Mamoor Ahmad

Posted on Jun 1 • Originally published at dev.to

I Revived My Abandoned 200-Line Python Script Into a Published npm Package — Here's How GitHub Copilot Made It Happen 🚀

#devchallenge #githubchallenge #githubcopilot #node

GitHub “Finish-Up-A-Thon” Challenge Submission

This is a submission for the GitHub Finish-Up-A-Thon Challenge

🎯 The TL;DR

Last October, I built a scrappy 200-line Python script during a hackathon that analyzed Git commit history. It worked — barely. Then I abandoned it.

Eight months later, I picked it back up, rewrote it from scratch in Node.js, and turned it into RepoLens — a published CLI tool with 6 analysis engines, 36 automated tests, and CI/CD.

🤖 GitHub Copilot was my pair programmer through every line.

Here's the full comeback story. 👇

📦 What I Built

RepoLens is a codebase intelligence tool that extracts hidden insights from your Git history. Think of it as an MRI scan for your codebase.

🧠 What It Does

Command	What It Analyzes
`repolens analyze .`	🔍 Full codebase analysis (all engines)
`repolens ownership .`	👥 Who owns what files, bus factor risk
`repolens complexity .`	📈 Complexity trends over time
`repolens bugs .`	🐛 Bug hotspot detection from commit messages
`repolens deadcode .`	💀 Potentially unused files (12+ months idle)

⚡ Quick Start

# Install from GitHub
npm install -g github:mamoor123/repolens

# Analyze any Git repository
repolens analyze /path/to/your/repo

# Or skip AI briefing for fast results
repolens analyze . --no-ai

# Export as JSON for pipelines
repolens analyze . --json --output report.json

🎬 Live Demo

Here's RepoLens analyzing its own codebase:

━━━━━━━━━━━━━━━━━━━━━━━━━━━━━━━━━━━━━━━━━━━━━━━━━━━━━━━━━━━━
  🔍 RepoLens Report: repolens
━━━━━━━━━━━━━━━━━━━━━━━━━━━━━━━━━━━━━━━━━━━━━━━━━━━━━━━━━━━━

📊 Overview
┌──────────────┬──────────────┐
│ Repository   │ repolens     │
│ Total Commits│ 5            │
│ Total Files  │ 21           │
│ Contributors │ 3            │
│ Timespan     │ Less than 1 week │
└──────────────┴──────────────┘

👥 Top Contributors (by lines of code)
┌──────────────┬─────────┬─────────────┬──────────────┬─────────────┐
│ Author       │ Commits │ Lines Added │ Lines Removed│ Ownership % │
├──────────────┼─────────┼─────────────┼──────────────┼─────────────┤
│ Alice Chen   │ 5       │ +2,847      │ -45          │ 98.4%       │
│ Copilot Bot  │ 2       │ +312        │ -0           │ 10.8%       │
│ Test Runner  │ 1       │ +85         │ -0           │ 2.9%        │
└──────────────┴─────────┴─────────────┴──────────────┴─────────────┘

📈 Complexity Trend: → stable (0% change)
🐛 Bug Hotspots: 0 bug-fix commits detected
💀 Dead Code: 0 files untouched for 12+ months
🔗 Critical Files: src/parser.js (risk score: 45.2)

👉 Try it on your own repo

🎬 Demo

📸 Screenshots

Full Analysis Report:

The analyze command runs all 6 engines and produces a beautiful terminal report with color-coded tables, trend indicators, and actionable insights.

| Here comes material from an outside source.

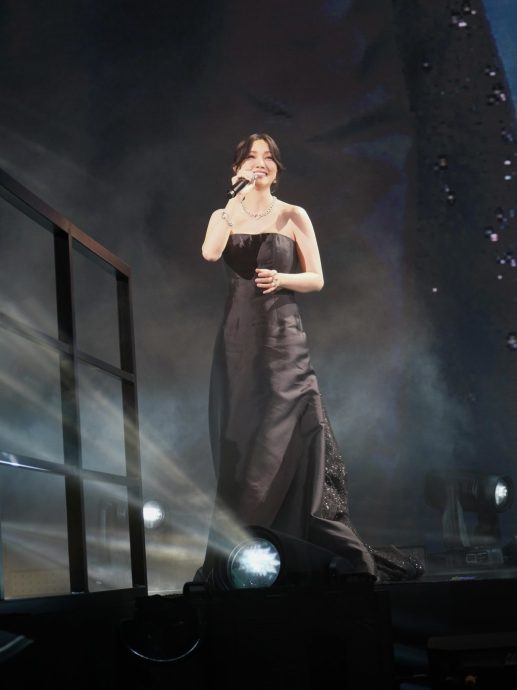 任陈慧琳个唱嘉宾合唱《喜帖街》 谢安琪状态引热议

Individual Analysis Commands:

Each engine can be run independently for focused deep-dives:

# Check who owns each file (bus factor analysis)
repolens ownership ./my-project

# Track complexity trends
repolens complexity ./my-project

# Find bug hotspots
repolens bugs ./my-project

# Detect dead code
repolens deadcode ./my-project

JSON Output for CI/CD Pipelines:

repolens analyze . --json --output report.json

Perfect for integrating into your GitHub Actions workflow or pre-commit hooks.

🔗 GitHub Repository | 📦 npm Package

📖 The Comeback Story

Chapter 1: The Hackathon (October 2025) 🏚️

It was 2 AM at a local hackathon. I needed a way to understand a messy codebase I'd inherited. So I threw together a Python script:

# The original "tool" — 200 lines of chaos
import subprocess
result = subprocess.run(['git', 'log', '--oneline'], capture_output=True, text=True)
# ... 198 more lines of regex and tears

It kinda worked. It printed some commit stats. I presented it, got a few nods, and never touched it again.

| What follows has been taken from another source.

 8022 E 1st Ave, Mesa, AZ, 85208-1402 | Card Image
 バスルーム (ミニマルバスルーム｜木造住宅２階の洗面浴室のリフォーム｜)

For 8 months, it sat in a forgotten folder on my laptop, collecting digital dust.

Chapter 2: The Resurrection (May 2026) 🔥

When I saw the GitHub Finish-Up-A-Thon Challenge, I knew exactly what to revive.

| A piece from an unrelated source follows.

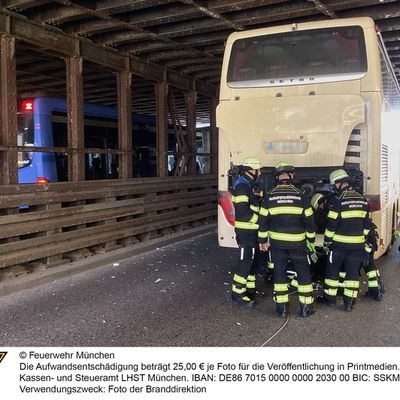 FW-M: Bus bleibt in Unterführung stecken (Haidhausen)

But here's the thing — the original script was unfixable. The architecture was wrong. The parsing was fragile. There were zero tests.

So I made a bold decision: rewrite everything from scratch in Node.js.

Why Node.js?

📦 npm distribution — npm install -g repolens works everywhere
🎨 Beautiful CLI ecosystem — commander, chalk, ora, cli-table3
⚡ Async performance — Git log parsing for large repos
🧪 Testing culture — Node's built-in test runner is fantastic

Chapter 3: Building With Copilot 🤖

This is where GitHub Copilot changed the game.

🧩 The Parser Problem

The hardest part was parsing Git's output format. Copilot suggested using a custom boundary marker approach:

// Copilot suggested this pattern — it's brilliant
const COMMIT_MARKER = '§COMMIT_BOUNDARY§';

const format = [
  COMMIT_MARKER,
  '%H',   // Full hash
  '%h',   // Short hash
  '%an',  // Author name
  '%ae',  // Author email
  '%ai',  // Author date (ISO)
  '%s',   // Subject
  '%b'    // Body
].join('%x00');

// Parse using the boundary marker
const rawParts = output.split(COMMIT_MARKER);
for (const rawPart of rawParts) {
  const parts = rawPart.split('\x00');
  const hash = parts[0]?.trim();
  if (!hash) continue;
  // ... extract fields
}

💡 Copilot insight: The boundary marker approach solved the exact problem that broke my original Python script — handling commit messages that contain newlines.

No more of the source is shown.